3 gennaio 2025 ore: 12:14
Famiglia

Neonato morto a Bari, Anfaa: “Necessario interrogarsi sulle condizioni che determinano questi drammi”

Intervento della storica associazione delle famiglie adottive e affidatarie: “I giornalisti forniscano indicazioni sul diritto di partorire in anonimato, evidenziando che, per una donna, avvalersi di questo diritto rappresenta una scelta estremamente difficile”
Spazio vuoto, dolore e senso di mancanza

ROMA – “Vorremmo fare alcune considerazioni sul tragico ritrovamento di un neonato morto nella culla  per la vita di una parrocchia di Bari”. Sul ritrovamento del neonato morto nella culla termica della parrocchia di San Giovanni Battista, nel quartiere Poggiofranco, interviene l’Anfaa, l’associazione di volontariato formata da famiglie adottive e affidatarie nata nel 1962. “Quando avvengono questi dolorosi fatti si solleva nell’opinione pubblica un’ondata di condanna; pochi, però, si interrogano sui motivi che determinano  questi drammi, sulle  condizioni che accompagnano  il gesto disperato delle donne che hanno partorito questi piccoli – si legge in una nota –. I mezzi di informazione stigmatizzano l’accaduto, ma, anche questa volta, non hanno richiamato la possibilità, prevista dal nostro ordinamento, che le partorienti (comprese le extracomunitarie senza permesso di soggiorno) che non intendono riconoscere e provvedere personalmente al proprio nato, hanno diritto a partorire in assoluta segretezza negli ospedali e nelle strutture sanitarie, garantendo, in tal modo, a se stesse e al neonato, la necessaria assistenza e le opportune cure, prevenendo i parti in ambienti inidonei, se non pericolosi, lasciando sole e abbandonate a loro stesse la partorienti”.

“Com’è noto – ricorda l’associazione – nel caso in cui non sia stato effettuato il riconoscimento, l’atto di nascita del bambino è redatto con la dizione ‘nato da donna che non consente di essere nominata”’e l’ufficiale di stato civile, dopo aver attribuito un nome e un cognome, procede entro dieci giorni alla segnalazione al Tribunale per i minorenni ai fini della dichiarazione di adottabilità ai sensi della legge 184/1983. In tal modo, a pochi giorni dalla nascita, il piccolo viene inserito in una famiglia adottiva, individuata dal Tribunale fra quelle che hanno presentato domanda di adozione al Tribunale stesso.
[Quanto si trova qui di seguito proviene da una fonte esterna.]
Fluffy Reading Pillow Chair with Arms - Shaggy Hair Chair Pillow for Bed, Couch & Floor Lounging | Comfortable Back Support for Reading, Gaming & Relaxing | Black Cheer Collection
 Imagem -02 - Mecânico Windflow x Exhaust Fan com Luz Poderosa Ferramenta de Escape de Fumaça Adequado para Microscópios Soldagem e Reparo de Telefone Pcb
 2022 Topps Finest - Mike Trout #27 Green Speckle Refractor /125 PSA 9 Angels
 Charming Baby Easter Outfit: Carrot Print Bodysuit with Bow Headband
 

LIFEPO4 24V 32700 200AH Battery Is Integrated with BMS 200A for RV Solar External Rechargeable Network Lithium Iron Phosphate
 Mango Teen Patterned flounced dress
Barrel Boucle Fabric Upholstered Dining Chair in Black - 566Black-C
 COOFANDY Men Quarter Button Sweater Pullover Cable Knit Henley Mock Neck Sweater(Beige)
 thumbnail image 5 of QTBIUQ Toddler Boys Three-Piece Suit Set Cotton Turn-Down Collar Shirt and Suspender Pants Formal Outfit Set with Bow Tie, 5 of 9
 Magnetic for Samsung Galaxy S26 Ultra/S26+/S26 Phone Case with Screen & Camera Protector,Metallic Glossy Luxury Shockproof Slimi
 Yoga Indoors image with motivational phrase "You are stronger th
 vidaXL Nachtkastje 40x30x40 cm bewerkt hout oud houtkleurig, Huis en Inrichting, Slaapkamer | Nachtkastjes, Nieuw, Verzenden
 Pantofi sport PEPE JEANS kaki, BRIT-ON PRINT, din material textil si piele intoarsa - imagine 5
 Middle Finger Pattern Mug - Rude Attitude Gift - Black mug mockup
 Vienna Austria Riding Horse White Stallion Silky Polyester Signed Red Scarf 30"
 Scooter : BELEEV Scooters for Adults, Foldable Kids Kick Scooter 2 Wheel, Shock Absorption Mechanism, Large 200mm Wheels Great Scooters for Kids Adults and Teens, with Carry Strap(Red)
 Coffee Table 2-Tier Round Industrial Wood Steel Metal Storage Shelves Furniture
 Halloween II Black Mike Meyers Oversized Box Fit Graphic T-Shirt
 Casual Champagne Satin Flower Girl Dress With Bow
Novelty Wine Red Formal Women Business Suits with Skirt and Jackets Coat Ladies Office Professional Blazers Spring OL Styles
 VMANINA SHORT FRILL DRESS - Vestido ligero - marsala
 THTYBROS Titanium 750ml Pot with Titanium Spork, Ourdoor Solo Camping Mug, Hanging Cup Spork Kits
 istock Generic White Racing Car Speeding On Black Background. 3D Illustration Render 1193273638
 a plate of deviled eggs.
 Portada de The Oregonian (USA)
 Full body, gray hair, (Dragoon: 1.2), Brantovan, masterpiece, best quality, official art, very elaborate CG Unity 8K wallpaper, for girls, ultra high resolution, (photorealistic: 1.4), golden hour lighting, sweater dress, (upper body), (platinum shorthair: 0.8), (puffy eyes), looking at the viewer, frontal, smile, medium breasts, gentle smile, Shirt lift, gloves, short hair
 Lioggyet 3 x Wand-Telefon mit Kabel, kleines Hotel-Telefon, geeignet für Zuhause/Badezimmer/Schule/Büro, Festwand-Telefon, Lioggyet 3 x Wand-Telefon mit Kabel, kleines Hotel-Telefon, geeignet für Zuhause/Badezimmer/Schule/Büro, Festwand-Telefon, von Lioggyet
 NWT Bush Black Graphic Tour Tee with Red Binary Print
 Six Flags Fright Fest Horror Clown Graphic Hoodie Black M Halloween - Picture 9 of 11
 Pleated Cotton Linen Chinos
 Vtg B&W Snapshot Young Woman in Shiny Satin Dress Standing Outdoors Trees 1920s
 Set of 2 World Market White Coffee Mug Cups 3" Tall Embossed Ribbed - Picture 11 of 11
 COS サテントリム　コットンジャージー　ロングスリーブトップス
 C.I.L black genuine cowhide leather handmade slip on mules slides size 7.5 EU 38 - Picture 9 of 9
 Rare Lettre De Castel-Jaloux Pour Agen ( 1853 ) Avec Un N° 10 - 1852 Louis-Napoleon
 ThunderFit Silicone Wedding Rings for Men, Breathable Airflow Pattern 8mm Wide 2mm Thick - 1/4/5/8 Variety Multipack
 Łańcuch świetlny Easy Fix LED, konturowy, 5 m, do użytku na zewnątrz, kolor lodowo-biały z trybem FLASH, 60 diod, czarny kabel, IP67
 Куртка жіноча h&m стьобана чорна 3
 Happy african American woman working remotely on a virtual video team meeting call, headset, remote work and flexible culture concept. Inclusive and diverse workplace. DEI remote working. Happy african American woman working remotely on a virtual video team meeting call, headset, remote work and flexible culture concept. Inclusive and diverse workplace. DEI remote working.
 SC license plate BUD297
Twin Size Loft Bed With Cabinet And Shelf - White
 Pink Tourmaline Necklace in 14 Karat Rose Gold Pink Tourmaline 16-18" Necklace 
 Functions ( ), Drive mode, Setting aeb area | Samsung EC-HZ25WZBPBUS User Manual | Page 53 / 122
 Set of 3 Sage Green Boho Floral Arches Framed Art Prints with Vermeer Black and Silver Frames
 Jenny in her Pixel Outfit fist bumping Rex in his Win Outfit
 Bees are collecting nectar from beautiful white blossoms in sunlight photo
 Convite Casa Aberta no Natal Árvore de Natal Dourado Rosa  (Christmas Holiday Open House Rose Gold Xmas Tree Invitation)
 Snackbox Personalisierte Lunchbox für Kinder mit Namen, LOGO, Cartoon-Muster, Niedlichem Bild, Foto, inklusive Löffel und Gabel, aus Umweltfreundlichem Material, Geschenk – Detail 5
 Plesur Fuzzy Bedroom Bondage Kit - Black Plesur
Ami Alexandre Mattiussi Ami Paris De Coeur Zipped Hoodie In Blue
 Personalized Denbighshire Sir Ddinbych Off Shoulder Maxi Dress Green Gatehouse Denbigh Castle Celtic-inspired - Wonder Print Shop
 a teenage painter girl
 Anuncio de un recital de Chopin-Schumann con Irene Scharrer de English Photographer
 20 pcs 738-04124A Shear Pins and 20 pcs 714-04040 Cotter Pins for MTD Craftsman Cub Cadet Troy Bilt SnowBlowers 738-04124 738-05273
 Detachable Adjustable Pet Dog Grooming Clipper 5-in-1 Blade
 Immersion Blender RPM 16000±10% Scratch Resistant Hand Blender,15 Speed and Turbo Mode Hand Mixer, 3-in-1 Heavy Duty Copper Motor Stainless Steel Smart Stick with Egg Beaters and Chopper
Sono circa 250 all’anno in Italia i neonati non riconosciuti che, grazie a queste disposizioni, vengono adottati nel giro di pochi giorni. È necessario che le Istituzioni preposte si impegnino maggiormente a fare conoscere queste disposizioni e a garantire alle gestanti in difficoltà il sostegno attraverso personale adeguatamente preparato (psicologo, assistenti sociali, educatori, ecc,) che le aiuti prima, durante e dopo il parto, le accompagnino a decidere responsabilmente se riconoscere o meno il proprio nato e le sostengano fino a quando sono in grado di provvedere autonomamente a se stesse e, se hanno riconosciuto il neonato, al proprio figlio”.

“Infine – i giornalisti che riportano queste tristi vicende sui media, dovrebbero sempre più fornire  precise indicazioni sul diritto riconosciuto a tutte le donne di partorire in anonimato, evidenziando che, per una donna, avvalersi di questo diritto rappresenta una scelta estremamente difficile, che deve essere rispettata e che denota un grande senso di responsabilità verso la vita nascente. Non dimentichiamo che il diritto alla segretezza del parto è un istituto di protezione sociale di altissimo valore, ma è presente solo nell’ordinamento italiano (e, con qualche differenza, in quello francese); molte donne, soprattutto provenienti da Paesi esteri, non ne sono a conoscenza”.